The present invention relates to a system for filling of bottle-like or can-like containers with pharmaceutical products.

Such systems have been used for many years to fill a larger number of tablets or a certain amount of powder into bottle-like containers, so that a patient a sufficient amount of drugs, for example for daily use, is available. Typically, such systems for filling bottle-type containers with tablets include a device for introducing a desiccant into each container, a device for counting and introducing the tablets into the containers, a device for introducing a cotton ball into each container, a device for applying a closure on each container, a device for sealing the closures on the containers and a device for sorting out certain containers after a quality check. The individual devices are arranged in a street as a standalone units, the containers are transported between the individual units by means of conventional conveyor belts. A corresponding plant for Affliction of bottle-like containers with powder, which has a plurality of stations arranged one after the other, is for example from US 6,755,223 known.

A disadvantage of such systems is in particular that the individual devices and conveyor belts must be precisely adjusted to each other, which requires a lot of work. In addition, after each inspection station for the quality control, a sorting of containers detected as defective must take place, since a product tracking over several stations of the plant line is very complex.

The present invention is therefore an object of the invention to provide a system for filling of bottle-like containers with pharmaceutical products, in which at any time an accurate tracking of the individual containers within the system is possible, opting for a one-time sorting of poorly evaluated containers in the process chain and where the installation and maintenance of the transport equipment is particularly easy.

This object is solved by the features of claim 1.

According to the invention, the system for filling bottle-like or can-like containers with pharmaceutical products has a device for dosing the pharmaceutical products and for introducing the pharmaceutical products into the containers. In addition, it comprises at least three of the following devices: a device for introducing the containers into the system, a device for introducing a desiccant into each container, a device for introducing a cotton ball into each container, a device for applying a closure to each container, a device for sealing the closures on the containers, and a device for sorting out certain containers and for discharging the remaining containers from the system. In this case, a plurality of devices on a transport device for only a continuous, forcibly guided and isolated movement of the container, while at least the device for dosing the pharmaceutical products and for introducing the pharmaceutical products into the container transport means for a partially pulsed, positively driven and isolated Movement of the container has. The respective transport devices of the devices are coupled together in series, so that a positive guidance of the isolated container is ensured by the entire system.

As a result, a transport of containers is made possible, even with different forms of movement, so that the containers remain traceable at all times. This serves the safety of the filling process as well as the simplification of the structure and the reduction of assembly and adjustment work.

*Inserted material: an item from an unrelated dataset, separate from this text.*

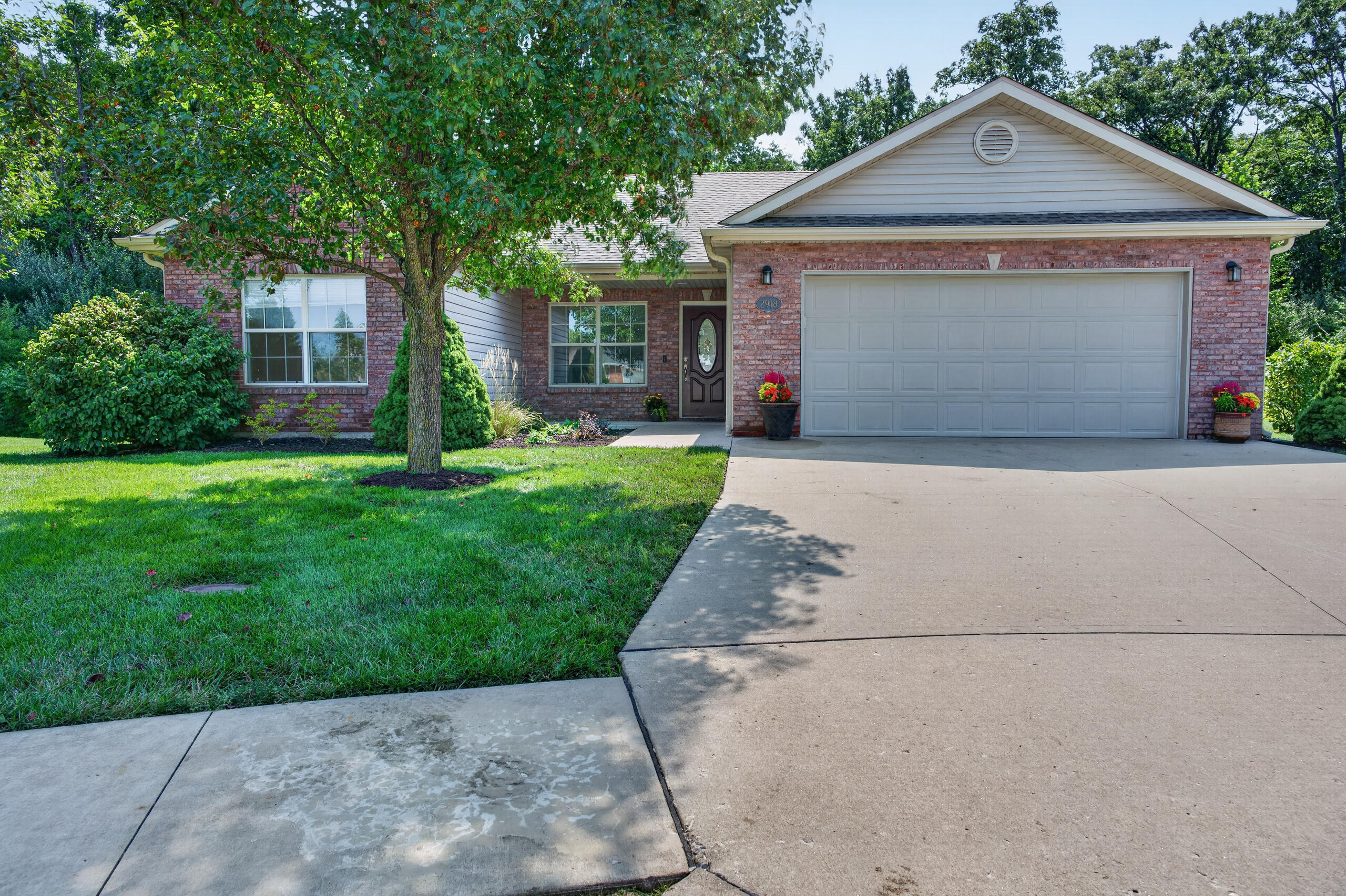 2918 Woods Crossing Dr Property Photo 1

In a particularly simple manner, a continuous, positively driven movement of the individual containers succeeds, in that each transport device has at least one screw conveyor.

To avoid dodging the container perpendicular to the direction of movement, each transport device for a continuous, positively guided movement of the individual containers preferably has a guide plate which is parallel to the Worm conveyor is arranged.

Particularly advantageously, the transport device for a partially clocked, positively driven movement of the individual containers is designed such that a circulation movement of the container is combined to a carriage controlled by a translational movement of the carriage. This allows a smooth transition from continuous motion to timed motion and back to continuous motion.

A simple construction is achieved when the transport means for a partially cycled, positively driven movement of the singulated containers is an endlessly circulating belt with catches directed around pulleys fixed to the carriage.

To further simplify the installation or replacement of devices, each device is formed as a modular unit, each with a housing, wherein the housing of all modular units are connected in series such that the system is designed as an integral system.

A special adjustment of the transport devices in the transition between two modular units can be avoided that projects in a plurality of devices, a first screw conveyor on one side of the respective housing over a predetermined length out in the adjacent housing and that in the adjacent housing a second screw conveyor is arranged in parallel at a predetermined distance from the first screw conveyor, so that the two screw conveyors form a means for transferring the container from one modular unit to the next.

The adjustment between two housings takes place by a precisely fitting connection, preferably by means of dowel pins.

In addition to the space savings achieved due to the modular, cohesive design of the integral system is preferably formed substantially closed to the outside, whereby the risk of contamination is reduced and the Plant may optionally be operated in a clean room of lesser quality.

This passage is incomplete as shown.